Exercise description —
For the data below, restate word for word only the lines from the line containing "POP UPS X HANNAH" through the line containing "#108 45 HANSEN ROAD N - 35", both ends included.

Data extracts —
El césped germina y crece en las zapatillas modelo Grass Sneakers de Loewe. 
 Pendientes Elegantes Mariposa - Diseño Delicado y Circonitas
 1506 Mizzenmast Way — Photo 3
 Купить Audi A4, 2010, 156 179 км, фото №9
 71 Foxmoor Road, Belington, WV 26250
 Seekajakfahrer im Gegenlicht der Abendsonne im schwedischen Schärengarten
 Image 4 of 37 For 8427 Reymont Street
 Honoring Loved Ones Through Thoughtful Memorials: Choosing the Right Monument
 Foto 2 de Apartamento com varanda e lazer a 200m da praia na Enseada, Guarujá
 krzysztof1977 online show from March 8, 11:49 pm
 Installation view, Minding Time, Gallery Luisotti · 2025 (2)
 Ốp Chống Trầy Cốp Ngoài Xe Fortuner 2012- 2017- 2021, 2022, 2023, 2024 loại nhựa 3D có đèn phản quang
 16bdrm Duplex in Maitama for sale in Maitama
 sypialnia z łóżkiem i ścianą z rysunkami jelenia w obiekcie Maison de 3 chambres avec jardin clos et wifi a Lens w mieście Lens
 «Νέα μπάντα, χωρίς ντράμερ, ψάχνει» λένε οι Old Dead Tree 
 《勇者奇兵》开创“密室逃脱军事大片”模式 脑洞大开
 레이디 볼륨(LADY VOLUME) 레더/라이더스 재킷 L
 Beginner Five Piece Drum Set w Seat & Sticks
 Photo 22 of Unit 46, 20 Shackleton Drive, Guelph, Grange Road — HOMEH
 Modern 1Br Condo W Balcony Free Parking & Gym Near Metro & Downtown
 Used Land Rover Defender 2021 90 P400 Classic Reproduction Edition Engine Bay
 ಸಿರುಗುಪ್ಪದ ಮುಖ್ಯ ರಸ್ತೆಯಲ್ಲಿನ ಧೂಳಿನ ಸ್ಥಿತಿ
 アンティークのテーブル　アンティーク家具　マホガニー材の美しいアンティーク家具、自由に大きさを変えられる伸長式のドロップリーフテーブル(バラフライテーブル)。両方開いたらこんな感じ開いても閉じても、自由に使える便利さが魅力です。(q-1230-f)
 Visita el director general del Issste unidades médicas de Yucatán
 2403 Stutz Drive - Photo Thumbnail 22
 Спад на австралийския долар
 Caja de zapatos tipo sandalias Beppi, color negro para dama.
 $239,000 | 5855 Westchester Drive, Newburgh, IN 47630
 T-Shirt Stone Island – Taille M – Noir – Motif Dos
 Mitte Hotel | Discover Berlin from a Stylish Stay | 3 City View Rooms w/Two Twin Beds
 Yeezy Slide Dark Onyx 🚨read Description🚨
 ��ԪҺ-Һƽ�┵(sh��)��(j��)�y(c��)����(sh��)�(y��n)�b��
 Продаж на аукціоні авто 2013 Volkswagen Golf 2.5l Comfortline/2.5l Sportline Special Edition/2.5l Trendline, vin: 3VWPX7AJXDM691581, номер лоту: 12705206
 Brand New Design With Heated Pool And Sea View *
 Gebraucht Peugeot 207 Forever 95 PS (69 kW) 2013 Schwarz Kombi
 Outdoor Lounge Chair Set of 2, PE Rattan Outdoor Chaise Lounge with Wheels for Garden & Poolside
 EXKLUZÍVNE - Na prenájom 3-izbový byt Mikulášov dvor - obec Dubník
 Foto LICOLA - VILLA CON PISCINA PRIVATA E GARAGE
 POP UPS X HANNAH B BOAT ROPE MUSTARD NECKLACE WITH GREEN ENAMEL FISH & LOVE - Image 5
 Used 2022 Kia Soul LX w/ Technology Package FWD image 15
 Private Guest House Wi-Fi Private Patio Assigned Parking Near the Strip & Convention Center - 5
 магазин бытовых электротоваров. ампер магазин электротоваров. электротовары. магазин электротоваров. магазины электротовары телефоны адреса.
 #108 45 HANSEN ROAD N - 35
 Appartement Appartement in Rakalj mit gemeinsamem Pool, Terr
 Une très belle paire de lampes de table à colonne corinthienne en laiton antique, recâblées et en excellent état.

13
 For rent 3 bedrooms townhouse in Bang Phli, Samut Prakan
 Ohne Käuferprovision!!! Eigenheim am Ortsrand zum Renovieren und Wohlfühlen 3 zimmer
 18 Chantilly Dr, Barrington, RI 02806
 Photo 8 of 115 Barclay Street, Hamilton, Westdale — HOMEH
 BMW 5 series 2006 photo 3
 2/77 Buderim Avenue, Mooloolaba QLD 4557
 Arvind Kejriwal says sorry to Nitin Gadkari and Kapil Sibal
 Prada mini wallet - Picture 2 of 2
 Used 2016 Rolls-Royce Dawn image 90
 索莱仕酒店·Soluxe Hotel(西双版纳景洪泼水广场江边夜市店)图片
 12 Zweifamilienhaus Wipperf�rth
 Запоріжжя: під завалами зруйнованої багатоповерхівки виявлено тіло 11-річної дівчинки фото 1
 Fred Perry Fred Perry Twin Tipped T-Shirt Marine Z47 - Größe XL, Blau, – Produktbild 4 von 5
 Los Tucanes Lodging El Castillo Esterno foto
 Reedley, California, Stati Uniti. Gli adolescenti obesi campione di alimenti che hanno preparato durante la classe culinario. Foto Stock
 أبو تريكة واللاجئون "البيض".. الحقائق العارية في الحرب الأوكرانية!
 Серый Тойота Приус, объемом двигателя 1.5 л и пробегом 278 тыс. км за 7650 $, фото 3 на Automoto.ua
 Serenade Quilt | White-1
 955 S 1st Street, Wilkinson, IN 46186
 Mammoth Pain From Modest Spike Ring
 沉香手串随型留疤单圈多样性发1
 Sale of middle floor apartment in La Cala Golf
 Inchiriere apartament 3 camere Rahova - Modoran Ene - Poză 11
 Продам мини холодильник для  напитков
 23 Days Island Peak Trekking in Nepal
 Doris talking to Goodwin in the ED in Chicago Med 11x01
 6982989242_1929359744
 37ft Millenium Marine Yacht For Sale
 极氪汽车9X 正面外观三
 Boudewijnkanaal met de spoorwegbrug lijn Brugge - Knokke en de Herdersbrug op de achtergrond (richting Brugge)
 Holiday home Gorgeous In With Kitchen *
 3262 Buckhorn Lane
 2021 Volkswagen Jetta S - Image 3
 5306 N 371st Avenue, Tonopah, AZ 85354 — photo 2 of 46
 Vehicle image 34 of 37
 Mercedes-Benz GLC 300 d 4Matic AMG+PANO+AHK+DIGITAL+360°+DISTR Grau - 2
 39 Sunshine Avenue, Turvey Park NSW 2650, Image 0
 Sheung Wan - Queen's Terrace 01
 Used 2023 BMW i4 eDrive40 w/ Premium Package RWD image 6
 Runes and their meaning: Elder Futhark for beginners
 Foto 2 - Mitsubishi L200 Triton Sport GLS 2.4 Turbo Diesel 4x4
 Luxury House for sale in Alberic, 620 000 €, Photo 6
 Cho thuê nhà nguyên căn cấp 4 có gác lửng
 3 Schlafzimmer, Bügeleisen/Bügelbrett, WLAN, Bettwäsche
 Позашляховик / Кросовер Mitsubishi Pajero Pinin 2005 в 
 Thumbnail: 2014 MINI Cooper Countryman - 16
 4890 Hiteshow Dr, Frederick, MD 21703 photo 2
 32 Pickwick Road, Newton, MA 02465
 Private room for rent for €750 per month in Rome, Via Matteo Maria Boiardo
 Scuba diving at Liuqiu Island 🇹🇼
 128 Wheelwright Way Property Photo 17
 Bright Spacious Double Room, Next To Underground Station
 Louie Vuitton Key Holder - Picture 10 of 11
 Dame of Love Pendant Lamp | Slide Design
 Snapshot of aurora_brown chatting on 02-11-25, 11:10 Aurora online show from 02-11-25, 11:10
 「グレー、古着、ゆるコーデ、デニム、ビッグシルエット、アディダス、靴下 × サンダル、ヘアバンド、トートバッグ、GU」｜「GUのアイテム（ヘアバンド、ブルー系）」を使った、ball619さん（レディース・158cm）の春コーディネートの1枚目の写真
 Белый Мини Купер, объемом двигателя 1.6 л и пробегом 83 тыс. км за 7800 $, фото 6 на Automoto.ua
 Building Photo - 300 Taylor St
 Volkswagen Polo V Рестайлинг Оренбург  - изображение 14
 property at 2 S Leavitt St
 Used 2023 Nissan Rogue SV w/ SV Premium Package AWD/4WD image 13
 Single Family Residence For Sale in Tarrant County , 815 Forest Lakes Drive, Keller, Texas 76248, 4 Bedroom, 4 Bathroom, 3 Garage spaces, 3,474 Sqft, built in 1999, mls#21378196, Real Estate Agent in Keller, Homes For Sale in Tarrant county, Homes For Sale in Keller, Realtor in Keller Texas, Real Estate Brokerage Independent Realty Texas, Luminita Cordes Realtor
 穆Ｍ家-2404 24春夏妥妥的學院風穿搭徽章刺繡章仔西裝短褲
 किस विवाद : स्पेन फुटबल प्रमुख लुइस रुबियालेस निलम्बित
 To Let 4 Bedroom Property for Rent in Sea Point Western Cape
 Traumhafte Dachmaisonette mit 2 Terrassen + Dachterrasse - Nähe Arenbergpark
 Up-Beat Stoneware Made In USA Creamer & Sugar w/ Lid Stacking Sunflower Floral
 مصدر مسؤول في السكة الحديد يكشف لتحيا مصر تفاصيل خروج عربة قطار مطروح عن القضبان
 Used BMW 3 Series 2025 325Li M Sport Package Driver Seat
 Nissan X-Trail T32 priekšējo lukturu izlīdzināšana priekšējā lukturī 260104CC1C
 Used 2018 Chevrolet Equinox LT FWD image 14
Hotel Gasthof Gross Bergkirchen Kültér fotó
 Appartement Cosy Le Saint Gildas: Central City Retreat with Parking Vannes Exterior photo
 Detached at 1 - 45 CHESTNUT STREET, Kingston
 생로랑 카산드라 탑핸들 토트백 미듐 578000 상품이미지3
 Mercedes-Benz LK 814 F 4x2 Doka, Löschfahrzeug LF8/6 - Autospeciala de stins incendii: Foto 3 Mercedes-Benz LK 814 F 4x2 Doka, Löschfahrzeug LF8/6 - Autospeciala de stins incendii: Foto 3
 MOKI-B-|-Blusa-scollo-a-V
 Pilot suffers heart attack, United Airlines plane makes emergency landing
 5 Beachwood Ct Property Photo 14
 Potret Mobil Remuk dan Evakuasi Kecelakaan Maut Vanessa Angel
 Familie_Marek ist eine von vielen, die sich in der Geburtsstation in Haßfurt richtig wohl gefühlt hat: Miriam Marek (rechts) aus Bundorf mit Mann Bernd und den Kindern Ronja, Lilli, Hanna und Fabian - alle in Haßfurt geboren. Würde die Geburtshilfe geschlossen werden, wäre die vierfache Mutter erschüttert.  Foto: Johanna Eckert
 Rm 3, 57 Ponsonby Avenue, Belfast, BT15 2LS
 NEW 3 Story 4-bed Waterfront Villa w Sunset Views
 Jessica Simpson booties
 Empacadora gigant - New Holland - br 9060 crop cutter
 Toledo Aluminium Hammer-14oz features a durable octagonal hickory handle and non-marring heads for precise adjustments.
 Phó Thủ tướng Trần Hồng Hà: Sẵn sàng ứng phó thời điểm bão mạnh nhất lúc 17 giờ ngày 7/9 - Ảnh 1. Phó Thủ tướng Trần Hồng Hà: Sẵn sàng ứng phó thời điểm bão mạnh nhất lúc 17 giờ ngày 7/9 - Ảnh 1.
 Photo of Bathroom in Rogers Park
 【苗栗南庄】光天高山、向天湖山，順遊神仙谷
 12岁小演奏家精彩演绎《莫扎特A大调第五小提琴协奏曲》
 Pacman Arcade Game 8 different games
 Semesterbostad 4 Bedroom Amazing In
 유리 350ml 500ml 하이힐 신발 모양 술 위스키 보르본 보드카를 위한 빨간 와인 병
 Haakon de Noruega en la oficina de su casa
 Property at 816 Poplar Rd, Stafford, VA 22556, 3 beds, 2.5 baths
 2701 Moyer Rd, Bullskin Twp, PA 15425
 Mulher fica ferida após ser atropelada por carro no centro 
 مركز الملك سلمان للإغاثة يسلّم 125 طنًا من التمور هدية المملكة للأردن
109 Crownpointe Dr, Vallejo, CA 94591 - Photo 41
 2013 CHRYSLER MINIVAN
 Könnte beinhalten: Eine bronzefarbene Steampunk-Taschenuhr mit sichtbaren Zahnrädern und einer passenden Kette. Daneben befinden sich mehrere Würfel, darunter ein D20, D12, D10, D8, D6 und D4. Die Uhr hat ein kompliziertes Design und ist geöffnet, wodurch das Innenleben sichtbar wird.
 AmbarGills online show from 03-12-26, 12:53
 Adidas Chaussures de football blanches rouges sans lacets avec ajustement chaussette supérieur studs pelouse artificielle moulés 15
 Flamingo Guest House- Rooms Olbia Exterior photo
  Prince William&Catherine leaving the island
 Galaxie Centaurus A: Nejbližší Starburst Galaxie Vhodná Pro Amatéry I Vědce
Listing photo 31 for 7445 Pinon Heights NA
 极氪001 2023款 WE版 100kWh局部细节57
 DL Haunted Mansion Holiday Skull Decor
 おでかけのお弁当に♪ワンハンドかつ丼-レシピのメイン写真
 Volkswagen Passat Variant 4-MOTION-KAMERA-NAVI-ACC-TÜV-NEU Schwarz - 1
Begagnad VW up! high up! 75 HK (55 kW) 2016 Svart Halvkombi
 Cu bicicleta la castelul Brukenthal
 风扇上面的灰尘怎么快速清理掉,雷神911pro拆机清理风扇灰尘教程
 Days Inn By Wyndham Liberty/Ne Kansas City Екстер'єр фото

Task output —
 POP UPS X HANNAH B BOAT ROPE MUSTARD NECKLACE WITH GREEN ENAMEL FISH & LOVE - Image 5
 Used 2022 Kia Soul LX w/ Technology Package FWD image 15
 Private Guest House Wi-Fi Private Patio Assigned Parking Near the Strip & Convention Center - 5
 магазин бытовых электротоваров. ампер магазин электротоваров. электротовары. магазин электротоваров. магазины электротовары телефоны адреса.
 #108 45 HANSEN ROAD N - 35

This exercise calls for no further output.